I am a postdoc at University of Pennsylvania, working with Chris Callison-Burch. My research interest is centered around Natural Language Processing, with an emphasis on data-driven approaches for paraphrase, social media and information extraction. I create models and systems to help people digest large amount of texts efficiently, read and write in new languages or different styles.
I recently graduated with a PhD in Computer Science from New York University and my advisor was Ralph Grishman. My thesis work was about Data-driven Approaches for Paraphrasing Across Language Variations, with Bill Dolan, Satoshi Sekine, Luke Zettlemoyer and Ernest Davis as committee. I received my bachelor and master degrees in Computer Science from Tsinghua University in Beijing, China.
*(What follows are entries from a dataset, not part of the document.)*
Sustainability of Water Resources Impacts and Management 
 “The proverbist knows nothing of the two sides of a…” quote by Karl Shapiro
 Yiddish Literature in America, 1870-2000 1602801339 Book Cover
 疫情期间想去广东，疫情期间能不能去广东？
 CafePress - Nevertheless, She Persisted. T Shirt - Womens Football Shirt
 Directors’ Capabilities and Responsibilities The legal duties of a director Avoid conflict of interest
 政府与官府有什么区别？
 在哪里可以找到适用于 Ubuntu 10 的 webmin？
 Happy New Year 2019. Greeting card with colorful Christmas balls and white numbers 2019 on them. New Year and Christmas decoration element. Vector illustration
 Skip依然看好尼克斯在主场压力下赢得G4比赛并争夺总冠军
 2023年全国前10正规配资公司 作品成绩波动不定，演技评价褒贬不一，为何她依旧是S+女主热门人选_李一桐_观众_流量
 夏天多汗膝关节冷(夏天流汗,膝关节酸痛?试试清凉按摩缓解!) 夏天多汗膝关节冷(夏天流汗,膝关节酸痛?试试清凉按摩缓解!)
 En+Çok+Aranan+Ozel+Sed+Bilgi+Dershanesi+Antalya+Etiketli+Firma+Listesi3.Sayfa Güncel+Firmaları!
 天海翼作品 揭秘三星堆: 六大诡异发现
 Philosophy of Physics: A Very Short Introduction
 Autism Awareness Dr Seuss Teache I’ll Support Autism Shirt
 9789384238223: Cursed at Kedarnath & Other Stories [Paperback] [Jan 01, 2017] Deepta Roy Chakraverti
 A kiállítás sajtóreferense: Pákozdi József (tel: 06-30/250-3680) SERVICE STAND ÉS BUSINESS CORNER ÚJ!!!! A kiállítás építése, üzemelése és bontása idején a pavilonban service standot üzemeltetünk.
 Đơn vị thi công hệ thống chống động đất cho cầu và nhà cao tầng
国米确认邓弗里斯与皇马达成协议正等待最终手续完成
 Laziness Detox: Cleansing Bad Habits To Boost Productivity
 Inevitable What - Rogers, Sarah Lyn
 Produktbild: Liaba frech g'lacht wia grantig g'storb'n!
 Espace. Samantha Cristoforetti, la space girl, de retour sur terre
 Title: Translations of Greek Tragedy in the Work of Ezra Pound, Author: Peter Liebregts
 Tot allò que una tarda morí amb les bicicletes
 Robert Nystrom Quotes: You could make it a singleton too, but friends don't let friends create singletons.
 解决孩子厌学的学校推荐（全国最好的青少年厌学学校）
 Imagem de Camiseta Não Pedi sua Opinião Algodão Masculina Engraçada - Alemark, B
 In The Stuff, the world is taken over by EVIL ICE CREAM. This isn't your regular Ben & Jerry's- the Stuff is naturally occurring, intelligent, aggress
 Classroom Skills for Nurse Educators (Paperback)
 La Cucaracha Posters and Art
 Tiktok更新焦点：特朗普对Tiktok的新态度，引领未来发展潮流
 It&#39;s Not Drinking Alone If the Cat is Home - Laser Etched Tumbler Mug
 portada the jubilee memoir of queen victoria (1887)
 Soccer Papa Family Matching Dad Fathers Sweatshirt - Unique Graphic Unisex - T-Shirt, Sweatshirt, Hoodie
|Learning Paraphrases from Twitter
Twitter engages millions of users, who naturally talk about the same topics simultaneously and frequently convey similar meaning using diverse linguistic expressions. Learning paraphrases from Twitter can help with adapting generic NLP tools to noisy user-generated text or evolving languages, learning native expressions, generating more natural dialogues for Human-Computer Interaction (e.g. Apple's Siri and Microsoft's Cortana), etc. I have demonstrated the feasibility and important value of gathering and generating paraphrases from Twitter [BUCC13]. I have also developed an efficient crowdsourcing methodology [Thesis] and constructed the Twitter Paraphrase Corpus of more than 18,000 sentences.
||Distant Supervision for Information Extraction
Information extraction is to automatically distill structured information from large amount free texts, such as news articles. One cutting-edge technology is distant supervision that utilizes multi-instance learning models and uses large-scale knowledge bases as training sources, e.g. Wikipedia's info-boxes, instead of human labeled data that is of limited amount. My research identifies and addresses the missing data problem [ACL2013] and training data error problem [ACL2014] in distant supervision.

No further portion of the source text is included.